- _What the task requires_
A verbatim copy of the listing is needed; pictures are to be left out.

┌─ Material provided

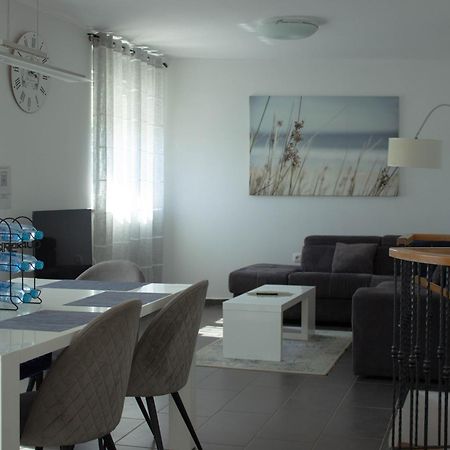 Appartamento V&V Medulin Pool And Sea Esterno foto
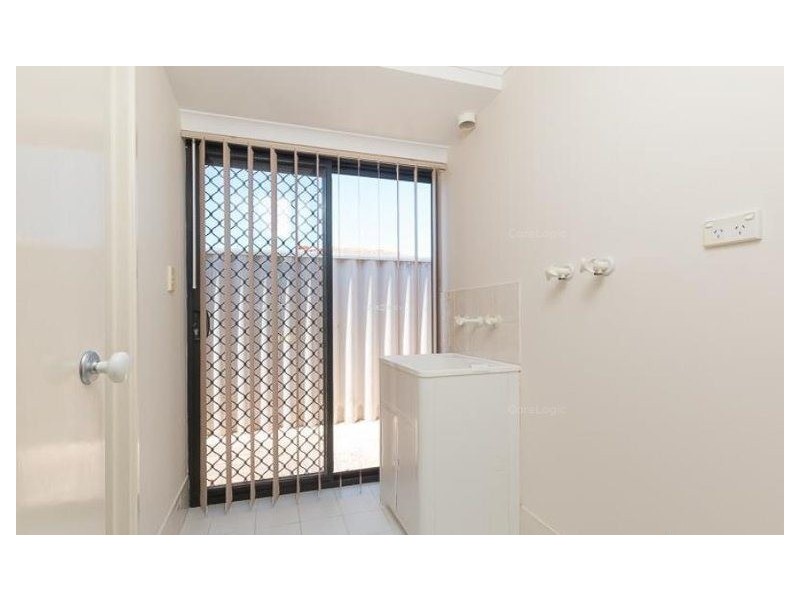 40 Link Way, Cooloongup WA 6168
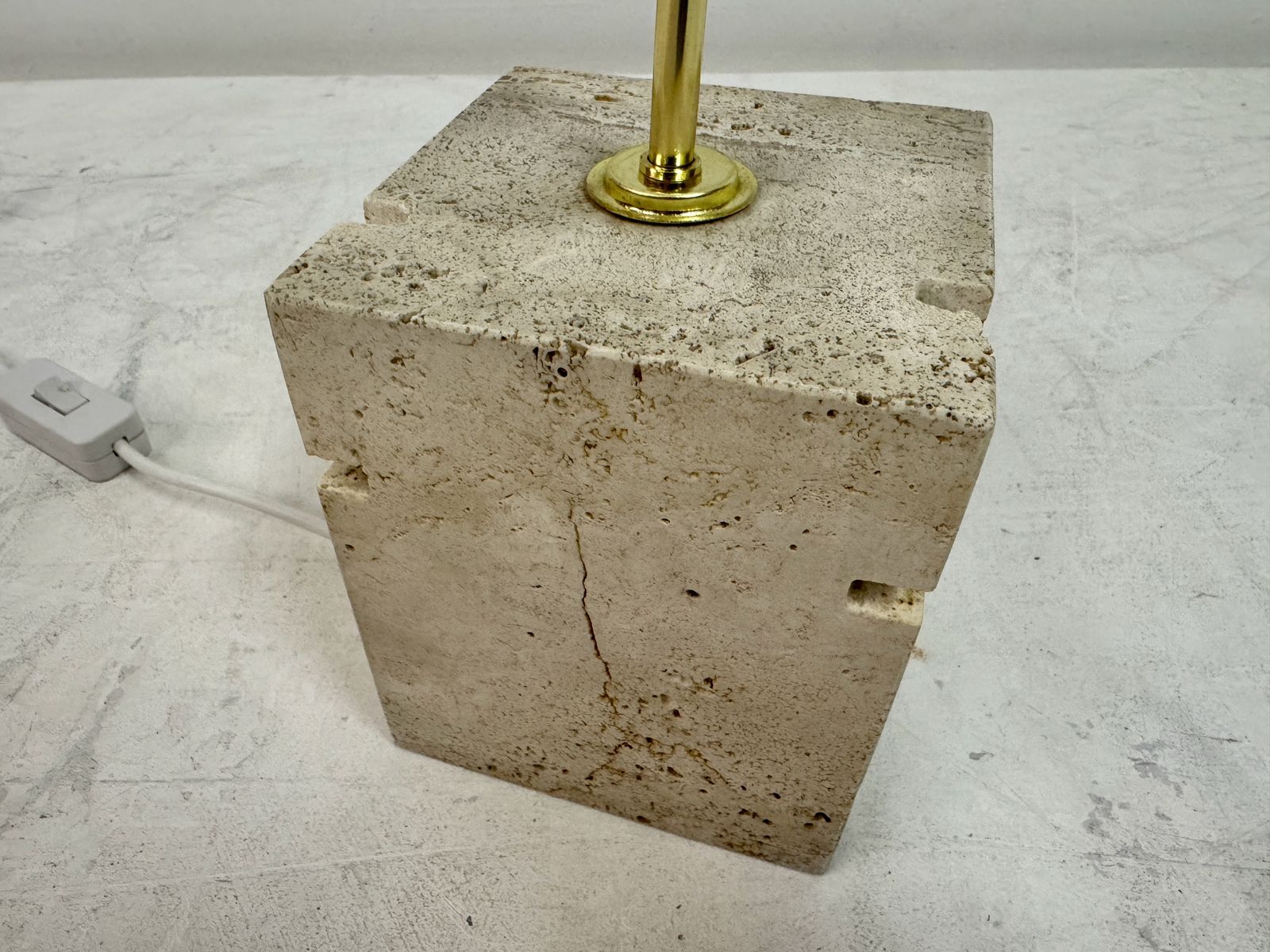 435.0 1970s Italian Travertine Lamp By Fratelli Manelli photo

└─

- _Written response_
 Appartamento V&V Medulin Pool And Sea Esterno foto
 40 Link Way, Cooloongup WA 6168
 435.0 1970s Italian Travertine Lamp By Fratelli Manelli photo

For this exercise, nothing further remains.